Wednesday, August 28, 2013

The Writing Life: An Economist's Perspective

On the whole, economists have tended to regard the arts as beneath their notice. Classical economics (the tradition of Adam Smith, Thomas Malthus, David Ricardo, John Stuart Mill, etc.) has tended to equate economic value with the production of tangible goods of "practical" use (food, clothing, shelter, etc.), and to slight the arts accordingly, and I suppose the habit stuck even after economists abandoned the old emphasis on tangibles to celebrate "the service economy." This attitude would also seem reinforced by the conservatism to which "reputable" economists have tended to adhere, which tends to stereotype intellectuals, and artists, as leftist social critics afflicting the comfortable, and resent them accordingly. (Indeed, Joseph Schumpeter and Milton Friedman, among others, have been openly nasty in their published remarks about these groups.1)

John Kenneth Galbraith was an exception in this regard (as in a great many other things), repeatedly visiting the theme in his books, perhaps most pointedly in 1973's Economics and the Public Purpose.
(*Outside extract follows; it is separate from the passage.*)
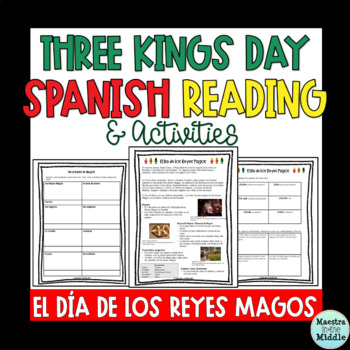 Preview of El Día de los Reyes Magos Three Kings Day Spanish Reading and Activities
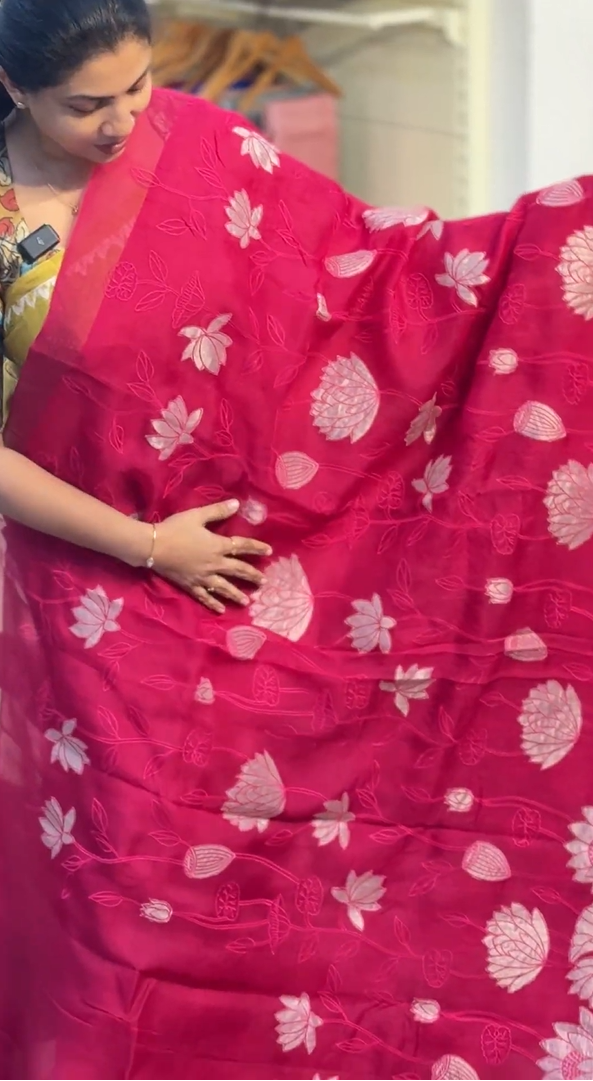 Floral Applique Work Detailed Pure Organza Saree | MM177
Galbraith considered the artist a species of "independent entrepreneur" operating within a competitive market, much like the owner of a family-run farm or small service business. And like these other institutions, the artist survived in an economy dominated by large corporations in part because they were engaged in lines of business which did not easily lend themselves to organization--and because of their frequent willingness to work for less money than what they might make with similar effort elsewhere.

Writers certainly fit the model Galbraith described, novelists not being salaried employees of publishing firms, but subcontractors who work with their staff as the publishers deem convenient--and the data regarding their careers is in line with such a reading of the situation. As a recent survey by Tobias Buckell demonstrated, it is not at all atypical for a writer to labor for a decade to produce a book on which they can get a five thousand dollar advance, and another five to seven years spent on several subsequent books to work their way up to a twelve thousand dollar advance. As far as I have been able to tell, there is no comprehensive data regarding the investment of working hours in the production of a novel, which must be regarded as including besides the actual writing the time spent planning, researching and editing the book (and ought also to include the time spent publicizing it). Taken together, all this makes it clear that, despite the lengthy training required and the high risk involved in beginning and carrying on such careers, writing is not a handsomely rewarded occupation, a handful of publishing superstars apart.

And of course, as Galbraith notes, writers do not get much support from other quarters. Indeed, society offers an elaborate complex of reasons for not offering such support, Galbraith noting such widely held beliefs as the idea that the "true artist" can only expect to be appreciated by the few, and accordingly, meagerly compensated; that affluence, acclaim and public support would only be injurious to their performance; that the "truly inspired artist will excel, whatever the barriers to overcome"; and that the artist must, accordingly, be an "unworldly and monkish figure."

There is plenty of room for argument with such a position, and indeed Galbraith regards it as rationalization rather than explanation, reflecting the prevailing values of the "technostructure," which celebrate economic growth and technological change, while trivializing the aesthetic.2 Indeed, to put the matter into perspective, Galbraith contrasted the artist's lot with that of the scientist. Two centuries ago, he noted, it was the scientist who was expected to be "unworldly and monkish," a standing which changed when the scientist became economically useful--with the Industrial Revolution that made the application of theoretical science indispensable to economic life. Consequently, for all the anti-intellectualism we see directed at scientists, the scientist is no longer expected to forgo material well-being or public support. By contrast, the artist, who once had a "strong claim on public resources," now occupies something like the scientist's old niche--in line with the perception of their comparative "uselessness."

Galbraith was not only more attentive to the arts than other economists, but also more sympathetic to them, and so highly critical of this case of affairs. He also expected that the values of the technostructure would be effectively challenged, and the situation redressed. Alas, history was to prove him overoptimistic on these points--as on so many others.

1. As Diego Gambetta and Stefan Hertog have shown, survey data indicates that economists are well to the right of the general public--unsurprising, perhaps, given that mainstream economics has been more fully shaped by elite attitudes than other fields. At comparable levels of education, only engineers (another group whose education has been strongly shaped by the needs of business, as David Noble demonstrates in America By Design) are more politically conservative.
2. I have previously presented my take on this issue in my essay "Science Fiction and the Two Cultures," which was republished in my book After the New Wave: Science Fiction Since 1980.